Record excerpts:
%%

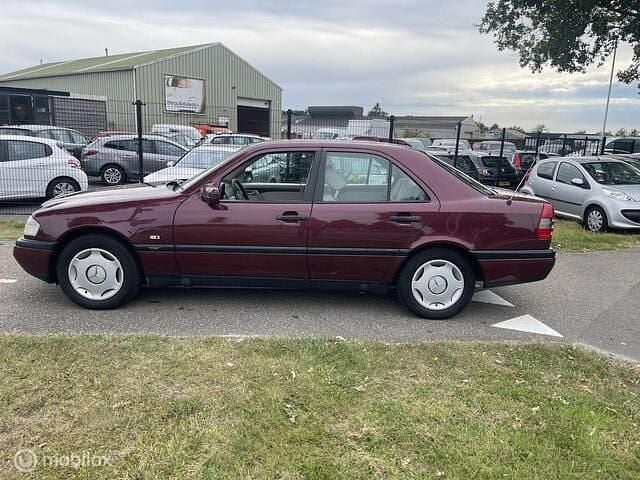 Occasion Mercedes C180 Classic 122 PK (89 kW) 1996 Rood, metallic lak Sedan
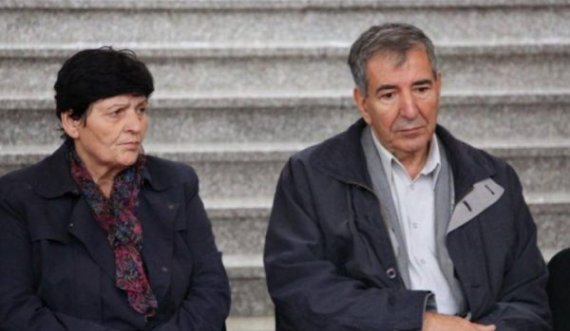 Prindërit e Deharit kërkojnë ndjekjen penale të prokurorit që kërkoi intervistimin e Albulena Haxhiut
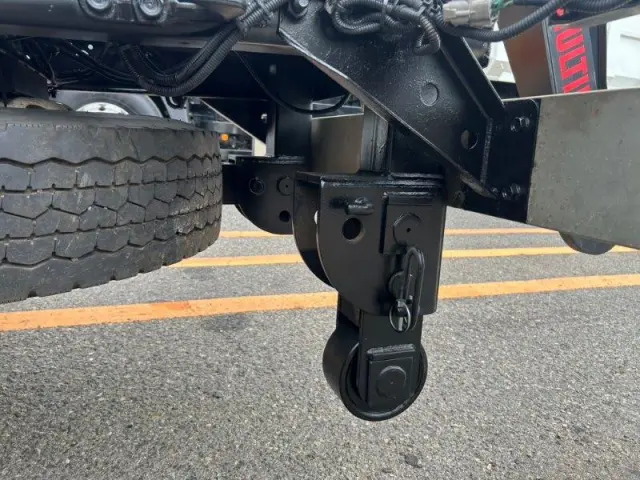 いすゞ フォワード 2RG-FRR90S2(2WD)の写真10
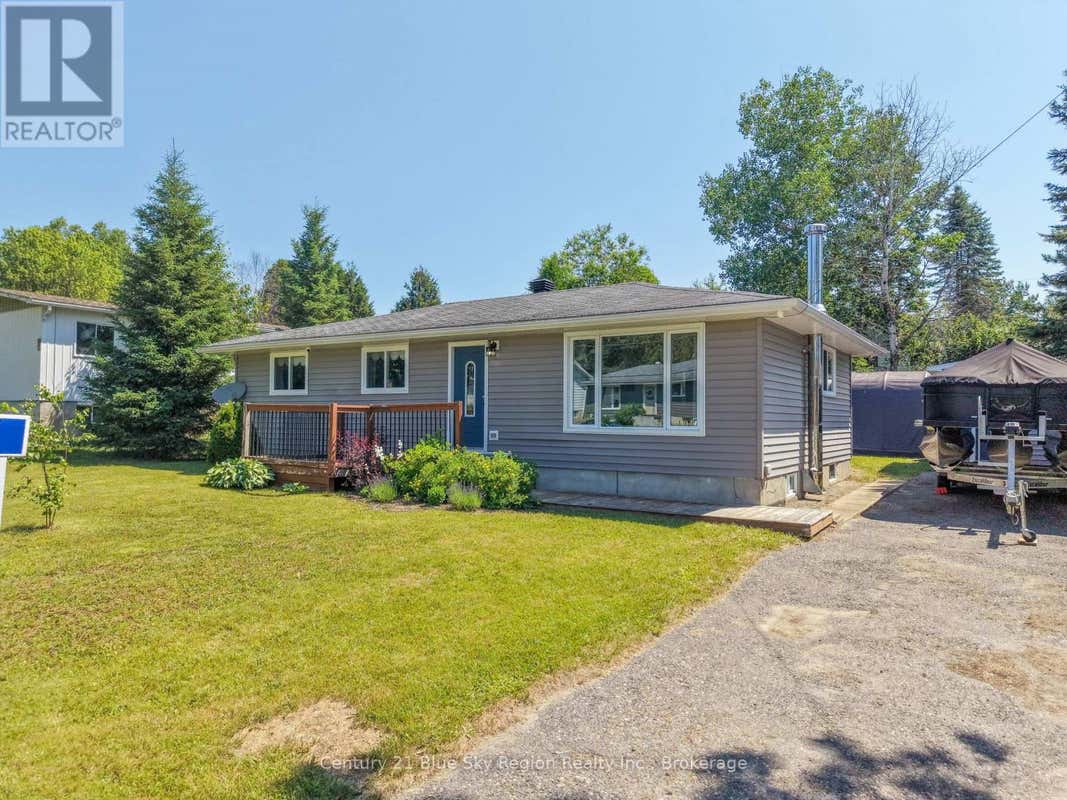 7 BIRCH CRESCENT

%%
%%

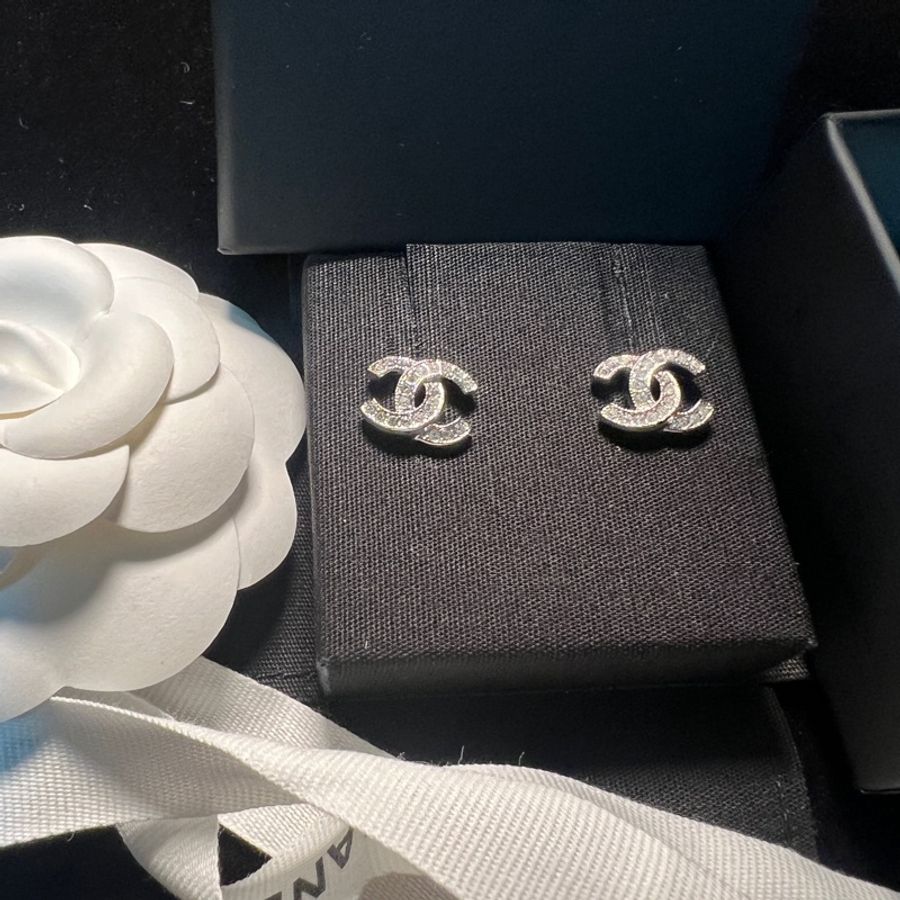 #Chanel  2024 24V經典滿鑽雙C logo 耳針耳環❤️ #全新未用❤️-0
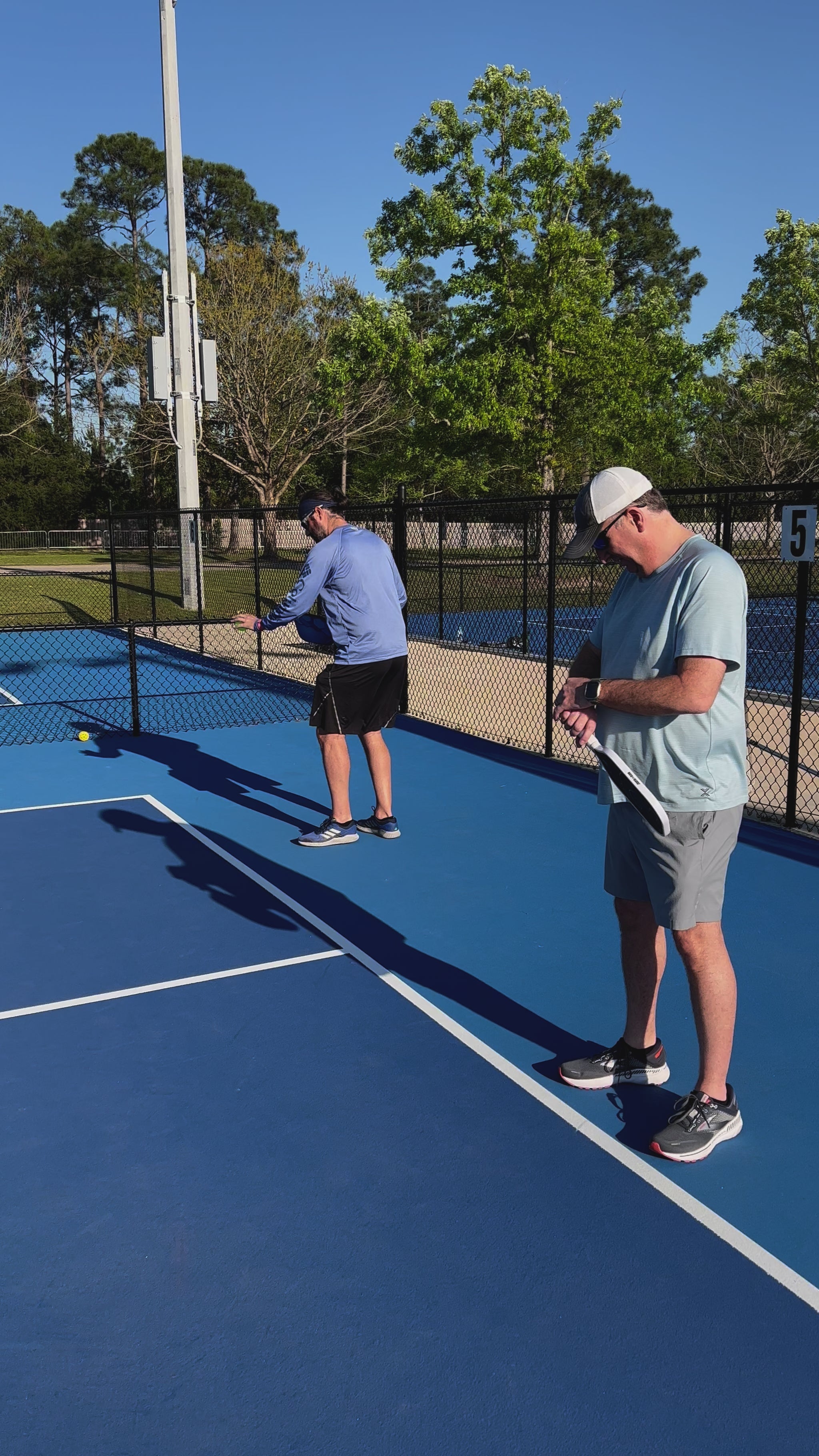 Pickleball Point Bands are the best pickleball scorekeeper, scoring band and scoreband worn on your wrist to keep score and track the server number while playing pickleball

%%
%%

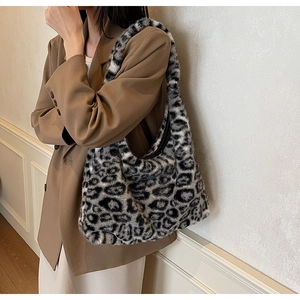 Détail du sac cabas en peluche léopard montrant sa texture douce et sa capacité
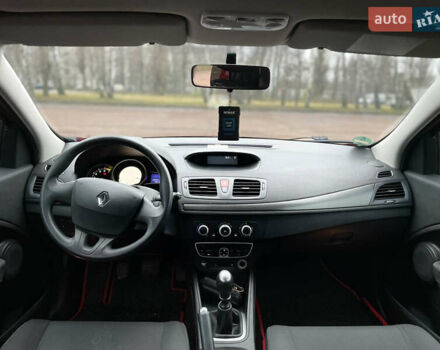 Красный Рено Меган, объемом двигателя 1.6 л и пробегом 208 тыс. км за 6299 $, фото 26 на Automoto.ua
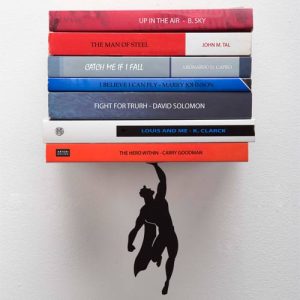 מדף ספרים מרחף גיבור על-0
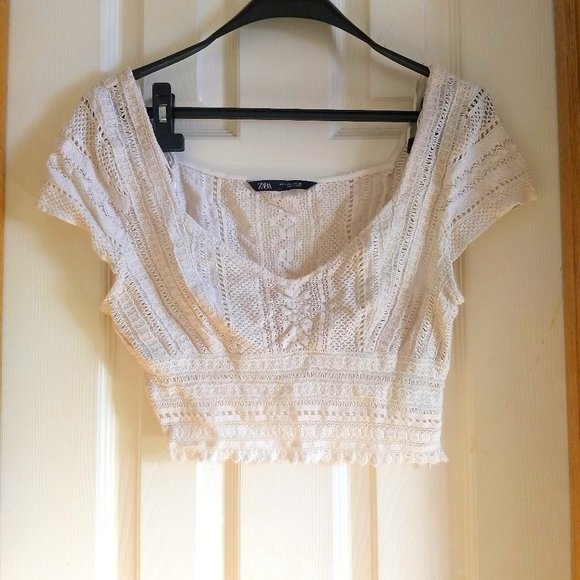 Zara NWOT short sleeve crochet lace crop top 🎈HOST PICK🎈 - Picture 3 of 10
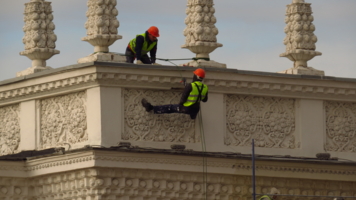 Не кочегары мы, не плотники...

%%

Task to complete: Nothing but the lines above from the one that has "Occasion Mercedes C180" down to the one that has "7 BIRCH CRESCENT" belongs in the answer, copied exactly, without pictures.

Response to this exercise:
 Occasion Mercedes C180 Classic 122 PK (89 kW) 1996 Rood, metallic lak Sedan
 Prindërit e Deharit kërkojnë ndjekjen penale të prokurorit që kërkoi intervistimin e Albulena Haxhiut
 いすゞ フォワード 2RG-FRR90S2(2WD)の写真10
 7 BIRCH CRESCENT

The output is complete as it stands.